Unlocking the Power of Distributed Systems: A Comprehensive Guide to Consistent Hashing
Consistent Hashing in Action
A Deep Dive into the Inner Workings of Consistent Hashing for Distributed Systems
Consistent hashing is used in distributed systems to keep the hash table independent of the number of servers available to minimize key relocation when scale changes occur.
This article explains consistent hashing, what it is, and why it is an essential tool in scalable distributed systems.
What is Hashing?
Hashing is the process of mapping one piece of data(An arbitrary size object) to another piece of data of fixed size(An integer), known as hash code or simply hash. A function that is used for mapping objects to hash code is known as a hash function.
Hashing in a distributed system
In a scenario where various programs, computers, or users request resources from multiple server nodes, we need a mechanism to map requests evenly to available server nodes, thus ensuring that the load is balanced for consistent performance.

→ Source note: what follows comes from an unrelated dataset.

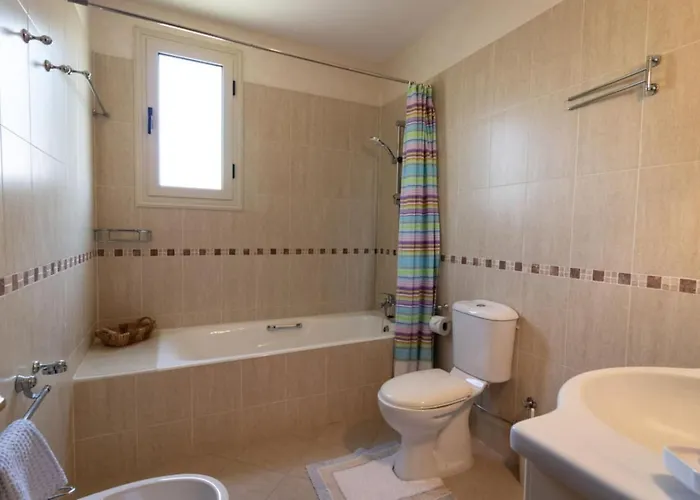 Rafaela - Luxury 4br Retreat Near The Baths Of Aphrodite *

Suppose three servers are A, B, and C, each will have an equal number of keys. If we need to store a new key, we can do the same and store it in one of the servers depending on the output of server = f(x)% 3.
Rehashing
It’s common for a cluster to scale up and down, and there are always unexpected failures in a distributed system. We cannot guarantee that the number of server nodes will remain the same. What if one of them fails? With a naive hashing approach, we need to rehash every single key as the new mapping is dependent on the number of nodes and memory locations.
The problem in a distributed system with simple rehashing — moving the placement of every key — is that the state is stored on each node.
A small change in the cluster size could result in a reshuffle of all the data in the cluster. As the cluster size grows, this becomes unsustainable because the amount of work required for each hash change grows linearly with cluster size.
This is where the concept of consistent hashing comes in.
What is consistent hashing?
Consistent Hashing is a distributed hashing scheme that operates independently of the number of servers or objects in a distributed hash table by assigning them a position on an abstract circle, or hash ring. This allows servers and objects to scale without affecting the overall system.
Imagine we mapped the hash code range onto the edge of a circle. That means that the minimum possible hash code would correspond to an angle of zero, the maximum possible hash code would correspond to an angle of 2𝝅 radians (or 360 degrees), and all other hash values would linearly fit somewhere in between. So, we could take a key, compute its hash, and find out where it lies on the circle’s edge.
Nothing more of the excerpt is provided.